Yes!! I am having the exact same problem described by Wilcham. It is most frustrating. I use Windows 8, and my printer is a HP Photosmart c4180. The problem began when I upgraded to iTunes 11. I cannot print a jewel case insert. At first the song list was all smooshed together, and now it comes out blank. I can still print things outside of iTunes. Am wondering if I should just use System Restore and go back to the good old days before iTunes 11. Thanks for your help.


----------



## VIntageMusicGuy (Dec 5, 2012)

Same story. Printed jewel case inserts are bunched up and unreadable. It it apparent that this is a bug in the new release 11 of iTunes. It is also mentioned in the Apple Forum. And it looks like a simple mistake of omitting a carriage return in a subroutine (if that term is still used). It's such an obvious bug for a feature that so many use that doubtless it will be fixed in the next release.


----------



## bayhuntr (Aug 8, 2011)

Same problem with a HP L7650, On two PC's one from the USB connection and the other PC through the network.


----------



## fancydancer (Dec 6, 2012)

Seems that the problem is universal regardless of the OS or printer. I'm using an Epson Photo Stylus R1900. Have two more HPs in the house but no sense in trying them.

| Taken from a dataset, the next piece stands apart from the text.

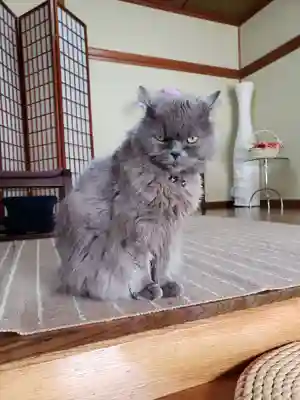 清徳寺(東京都)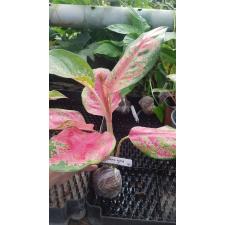 Aglaonema Chang Daeng (Big leaf) 192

The problem lies with iTunes 11.


----------



## swrancher (Dec 8, 2012)

Same issue...just downloaded Itunes 11 and after reading your earlier posts...wish I never had!! Is it possible to go back to previous version of Itunes?


----------



## redguyone (Dec 8, 2012)

swrancher said:


> Same issue...just downloaded Itunes 11 and after reading your earlier posts...wish I never had!! Is it possible to go back to previous version of Itunes?

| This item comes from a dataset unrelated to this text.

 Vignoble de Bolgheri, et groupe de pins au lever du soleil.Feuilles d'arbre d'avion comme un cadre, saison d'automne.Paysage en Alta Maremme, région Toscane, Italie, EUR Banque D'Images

Spoke to Apple Tech this morning-was unaware of the problem-said he'd file a report-am guessing this is going to take time-----don't believe you can retrieve I Tunes 10.0 but if possible would love to know


----------



## Joecroix (Dec 9, 2012)

I have the same problem with a Photosmart C5550. I even changed the printer to Microsoft XPS driver saving directly to the hard drive with the same results. My solution was to print the CD jewel case insert on the Large playlist(black & white), even then the print is small. I wanted a picture on the case insert so I went to the songs Artwork and then pasted the picture in Microsoft Word. I printed the playlist from the XPS driver file and then printed the picture on top of that. This is the only workaround that I used, but it seems that the problem is with Itunes and not the printer.


----------



## princessmaria (Dec 11, 2012)

Yes, have the same problem and its very frustrating & I have regrets of upgrading to iTunes 11. Is there anyway I can restore or re-download the previous iTunes? Please, help-Thank you.


----------



## mojomadman (Dec 3, 2012)

I upgraded to iTunes 11.0.1.12 when I open iTunes today and it solved my jewel case insert problem. Maybe someone at Apple is paying attention after all.


----------



## fancydancer (Dec 6, 2012)

Problem solved. Apple released a fix (they called it a new version of iTunes) a couple of days ago. To correctly print saz jewel case insert 1. Create a new Playlist and move the album to that playlist. Select the playlist, then print. It should print correctly.


----------